Smell/Odor-to-text: This type of generative AI takes smells as an input and produces a text output describing the smell. Input Modality (Smell):The AI would have a mechanism, potentially in the form of advanced sensors, to detect and analyze specific odors or volatile organic compounds (VOCs) in the environment. Processing:After detecting the smell, the AI would interpret or classify it based on its training data. Output Modality (Text):GenAI would then generate a textual description or classification of the detected smell. This could range from simple descriptors like "rotten eggs" or "pine" to more complex descriptions detailing the potential sources or components of the smell.
Applications:
Healthcare: Detecting diseases or infections based on body odor or breath, then providing a textual diagnosis or alert.

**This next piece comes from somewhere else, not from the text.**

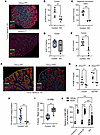 Epithelial HO-1 regulates oxidative damage, iron levels, and stress adaptat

Environmental Monitoring: Detecting pollutants or hazardous chemicals in the air and informing through textual alerts.
Food Industry: Analyzing the freshness or quality of food items based on smell and providing textual feedback.
Perfume and Fragrance Industry: Describing complex fragrances in text based on their olfactory profile.
Safety and Security: Detecting prohibited or dangerous substances at checkpoints and generating textual alerts.
Text-to-smell/odor: This type of generative AI takes text as an input and produces an output from a dedicated hardware device.
Input Modality (Text):
GenAI receives textual input that describes a particular smell or set of smells. The description could range from simple terms like "vanilla" or "wet grass" to more complex descriptions or combinations.
Processing:
GenAI interprets the textual description to identify the required olfactory components. It would then determine the specific chemicals or combinations thereof needed to reproduce the described smell.
Output Modality (Smell):
Using a mechanism, possibly a device equipped with cartridges of various scent compounds, the AI would release the appropriate chemicals in the specified proportions to generate the described smell. The mechanism would act like a printer, but instead of colors, it would mix and release scents.
Applications:
Entertainment: Enhancing virtual reality (VR) or augmented reality (AR) experiences with scent based on textual cues from the content.
Retail: Allowing customers to "sample" perfumes, candles, or other scented products by inputting textual descriptions.
Education: Teaching about different environments or historical periods by recreating their scents based on textual descriptions.
Therapy: Using specific scents to trigger memories or emotions in therapeutic settings based on textual inputs.
Culinary Arts: Allowing chefs or food developers to experiment with aroma profiles by inputting desired scent descriptions.